Supplied records:
--
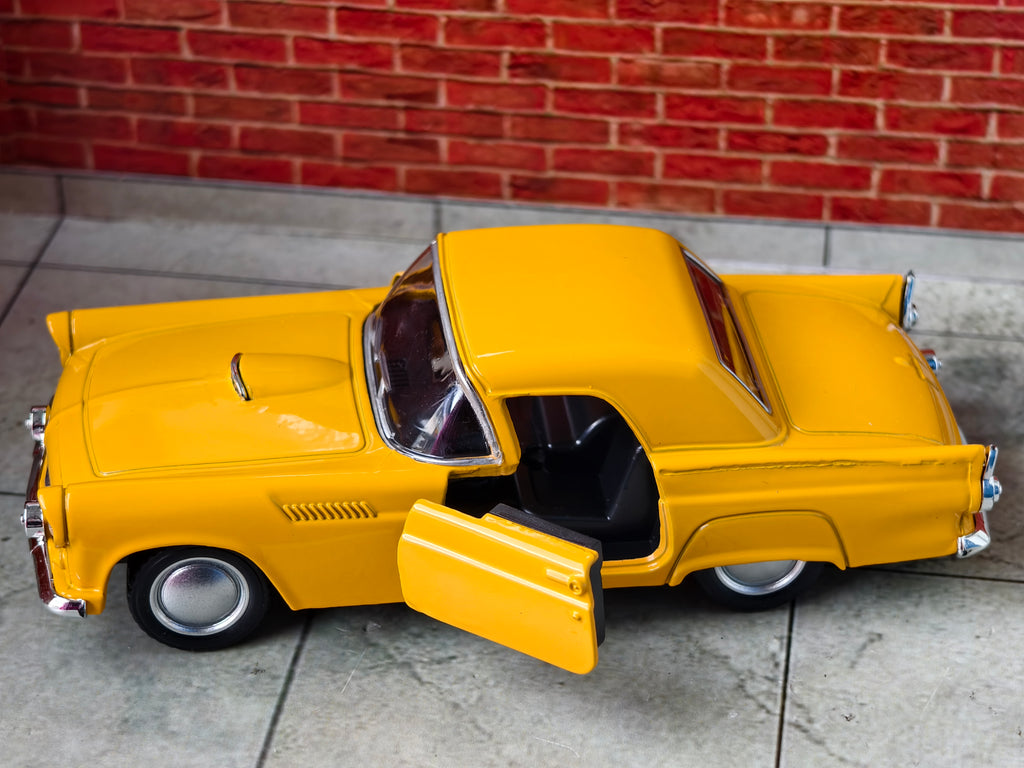 Ford Thunderbird 1955 1:32 Scale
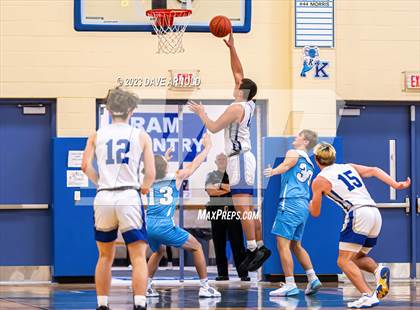 Thumbnail 3 in York @ Kennebunk photogallery.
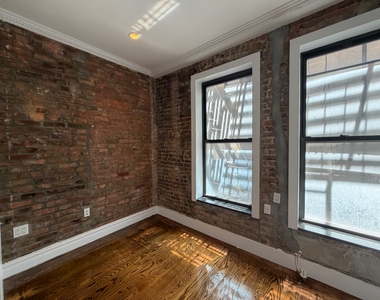 East 13th & 3rd Ave - Photo Thumbnail 6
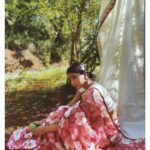 Aishwarya Lekshmi Instagram - இயற்கைக்கு நன்றி …. சேலை : @raw_mango Iyarkaikku Nandri … Thanks to nature 🌱 Tenkasi
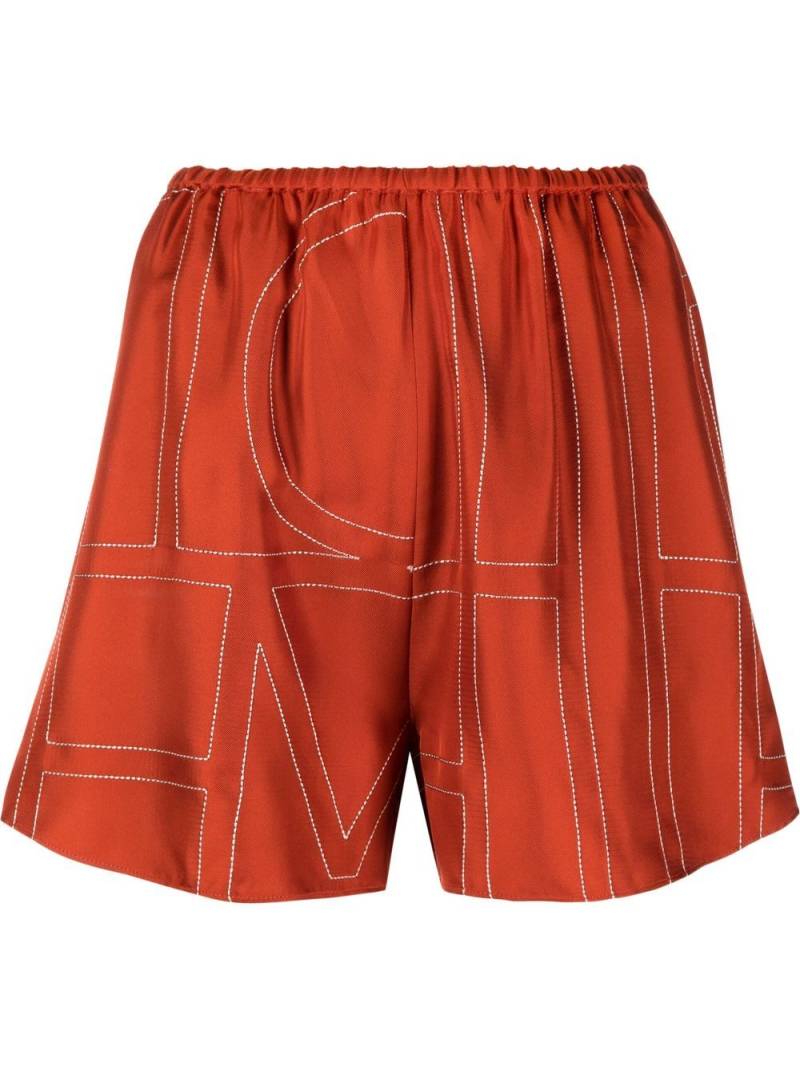 TOTEME monogram-print silk shorts - Orange von TOTEME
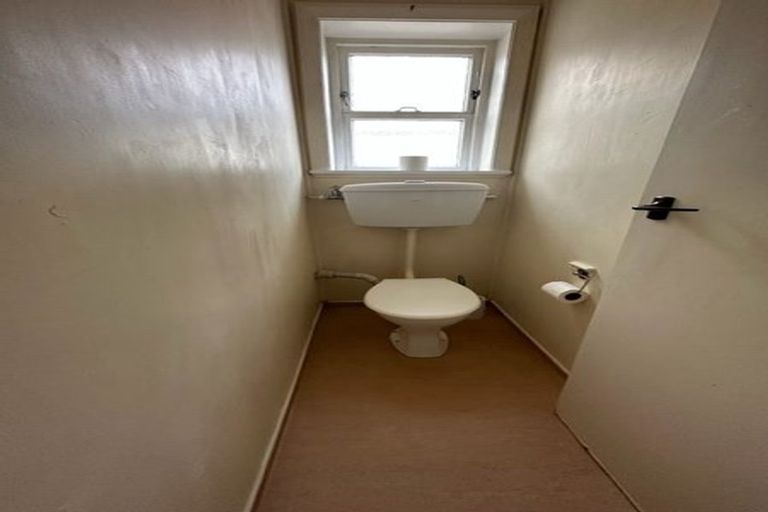 Photo of property in 69 Bell Road, Waiwhetu, Lower Hutt, 5010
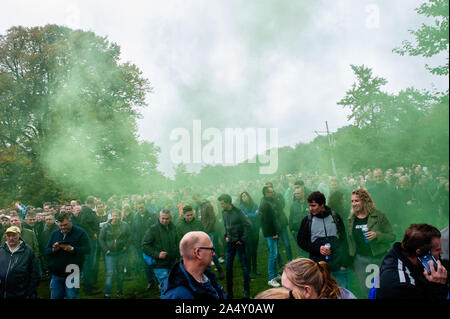 Den Haag, Niederlande. 16 Okt, 2019. Grüner Rauch durch die Landwirte während der Demonstration verwendet. niederländische Landwirte gegen die vorgeschlagenen Maßnahmen auf die Stickstoffemissionen in Den Haag zu protestieren. Die Bauern gestört Verkehr in die Stadt marschieren über die Straßenbahnlinien, die aktionsgruppe "Farmers Defense Force" auch für Zelte und Lebensmittel berufen hat, bedrohlich Camp gibt, bis ihre Forderungen erfüllt werden. Credit: SOPA Images Limited/Alamy leben Nachrichten Stockfoto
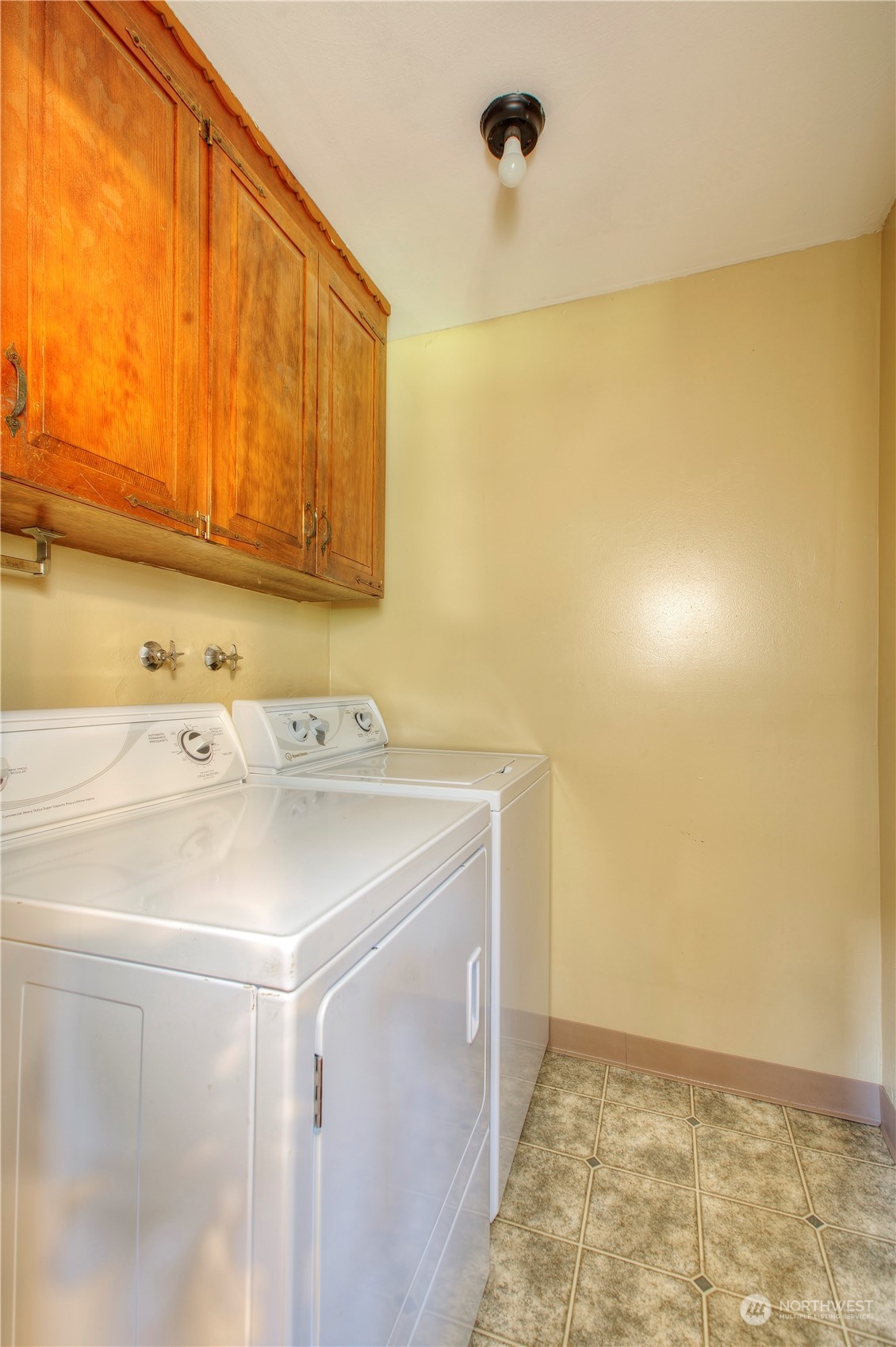 1220 Ventura Drive , -1240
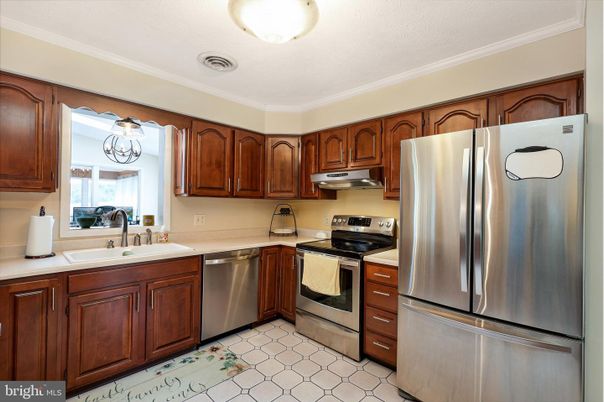Chandelier, Interior, Kitchen, Stainless Steel Appliances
--
Exercise:
What is needed is every record above printed exactly, with no pictures.

Exercise result:
 Ford Thunderbird 1955 1:32 Scale
 Thumbnail 3 in York @ Kennebunk photogallery.
 East 13th & 3rd Ave - Photo Thumbnail 6
 Aishwarya Lekshmi Instagram - இயற்கைக்கு நன்றி …. சேலை : @raw_mango Iyarkaikku Nandri … Thanks to nature 🌱 Tenkasi
 TOTEME monogram-print silk shorts - Orange von TOTEME
 Photo of property in 69 Bell Road, Waiwhetu, Lower Hutt, 5010
 Den Haag, Niederlande. 16 Okt, 2019. Grüner Rauch durch die Landwirte während der Demonstration verwendet. niederländische Landwirte gegen die vorgeschlagenen Maßnahmen auf die Stickstoffemissionen in Den Haag zu protestieren. Die Bauern gestört Verkehr in die Stadt marschieren über die Straßenbahnlinien, die aktionsgruppe "Farmers Defense Force" auch für Zelte und Lebensmittel berufen hat, bedrohlich Camp gibt, bis ihre Forderungen erfüllt werden. Credit: SOPA Images Limited/Alamy leben Nachrichten Stockfoto
 1220 Ventura Drive , -1240
Chandelier, Interior, Kitchen, Stainless Steel Appliances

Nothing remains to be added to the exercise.